Mon Feb 03 11:37:32 IST 2025: ## India Unveils Budget 2025-26: Income Tax Changes and Focus on Self-Reliance

**New Delhi, February 1, 2025** – Finance Minister Nirmala Sitharaman presented the Union Budget 2025-26 today, marking her eighth consecutive budget presentation. The budget, expected to boost employment and provide relief to the common citizen, focuses on key sectors including agriculture, industry, healthcare, and education. It is touted as a significant step towards achieving the goal of “Atmanirbhar Bharat” (Self-Reliant India).

A major highlight is the introduction of new income tax slabs resulting in zero tax liability for annual incomes up to ₹12 lakh. While this income falls under various tax slabs, available rebates and standard deductions effectively eliminate the tax burden. The Finance Minister clarified that this is a tax-free status, not tax-exempt, meaning tax is calculated but reduced to zero due to deductions.

Further tax reforms are anticipated, with the government planning to introduce a new income tax bill next week. The tax department will reportedly adopt a “trust first, verify later” approach. The budget also includes the elimination of seven additional tariff rates, bringing the total to eight, with one set at zero. While most tariff rates remain largely unchanged, minor reductions are planned for select items. The government also aims to consolidate cess and surcharges, applying a maximum of one to 82 tariff lines.

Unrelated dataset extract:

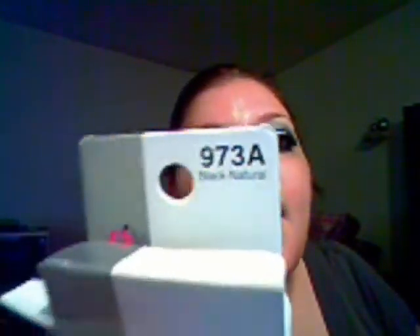So there it is — a very silver club look with some really nice big false lashes. For the lashes, I used NYC 973A Black Natural.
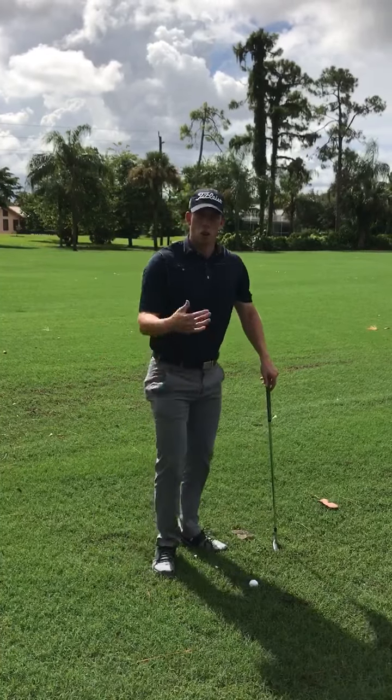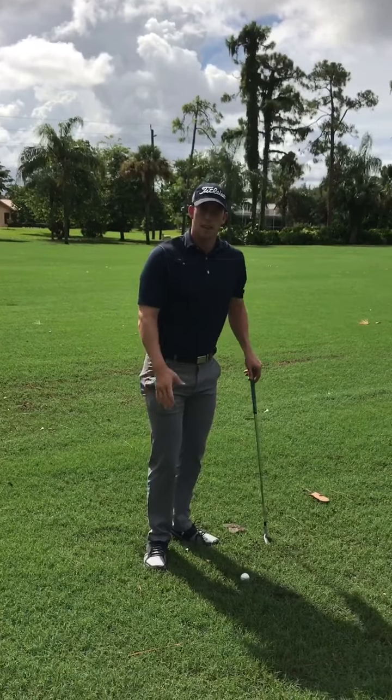My ball is now in play. There is no penalty. I have taken full relief and now I can proceed.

The budget allocated ₹2.55 lakh crore to Indian Railways for FY26, the same as the previous fiscal year. This flat allocation has disappointed some stakeholders who had hoped for increased funding for ongoing and new projects. Details of expenditure across different sectors are available in the full budget document. The budget’s success will hinge on the effective management of fiscal policies, particularly regarding taxation, education, healthcare, and subsidies.

The Economic Survey 2025 projects GDP growth between 6.3% and 6.8% for FY26. Further details on the budget, including sector-wise allocation and the full PDF, are available online. The Finance Minister also announced an increase in FDI limits in the insurance sector from 74% to 100%.